The U.S. April trade balance was an oil and China story. Rising prices and low inventories forced up energy imports, but there is also underlying demand for consumer products, and the combination left the April trade balance at a huge $60.9 billion deficit, an erosion that more than wiped out March’s modest improvement.

Imports surged $9.4 billion as oil and related products jumped $5.4 billion, autos advanced $1 billion as a parts strike ended, and consumer goods gained $1.25 billion.

Exports rose $5.0 billion on the back of a $769 million gain in civilian aircraft and a $0.8 billion rise in “other” machinery.

The Commerce Department pointed out the April oil deficit was $34.5 billion, the second highest on record. The worst was posted in January 2008.

Both the price and volume of oil imports surged to records, so the move is really an energy story. The real trade balance is about 5% better than the first-quarter average. This will add about 0.1 point to the gross domestic product. One reason is that oil prices got deflated and the U.S. exported more real goods.

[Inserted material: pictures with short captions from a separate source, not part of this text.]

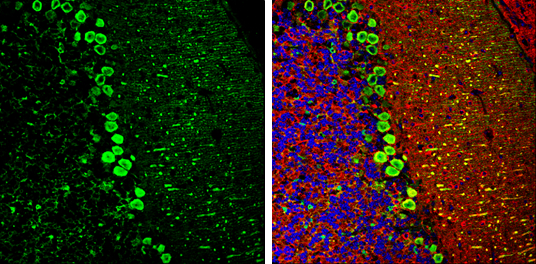 DARPP-32 antibody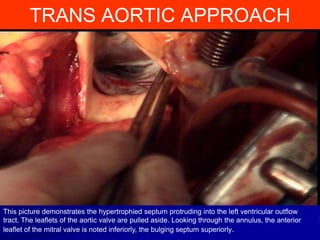 TRANS AORTIC APPROACH

This picture demonstrates the hypertrophied septum protruding into the left ventricular outflow
tract. The leaflets of the aortic valve are pulled aside. Looking through the annulus, the anterior
leaflet of the mitral valve is noted inferiorly, the bulging septum superiorly.

 
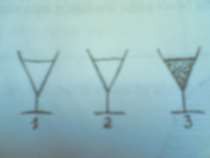 Hình 77 3 Nghiệm pháp 3 cốc Hình 77 4 Sỏi bàng quang đái máu cuối bãi 3 3 Triệu 3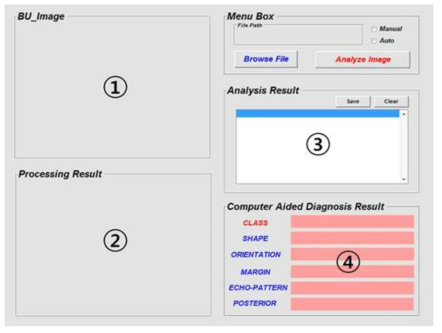 분석프로그램. ① 원본 초음파 이미지 ② 분석된 이미지 ③ 분석 결과 ④ 분석된 종양의 정보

Trade by country data showed the unadjusted balance with China was negative $20.2 billion after negative $16.1 billion in March, Japan was negative $7.6 billion after negative $7.5 billion, and OPEC was a record negative $15.6 billion after negative $14.1 billion.

The trade balance with Canada was negative $7.6 billion — the highest since January 2006 — up from a negative $6.4 billion. This probably shows the effects of importing energy from a close neighbor.

The Commerce Department also released the 2007 annual trade revision showing the full year’s balance at negative $711.6 billion. That averages to about negative $59 billion a month, about the same pace as during the first four months in 2008, suggesting the trade balance is not getting much worse.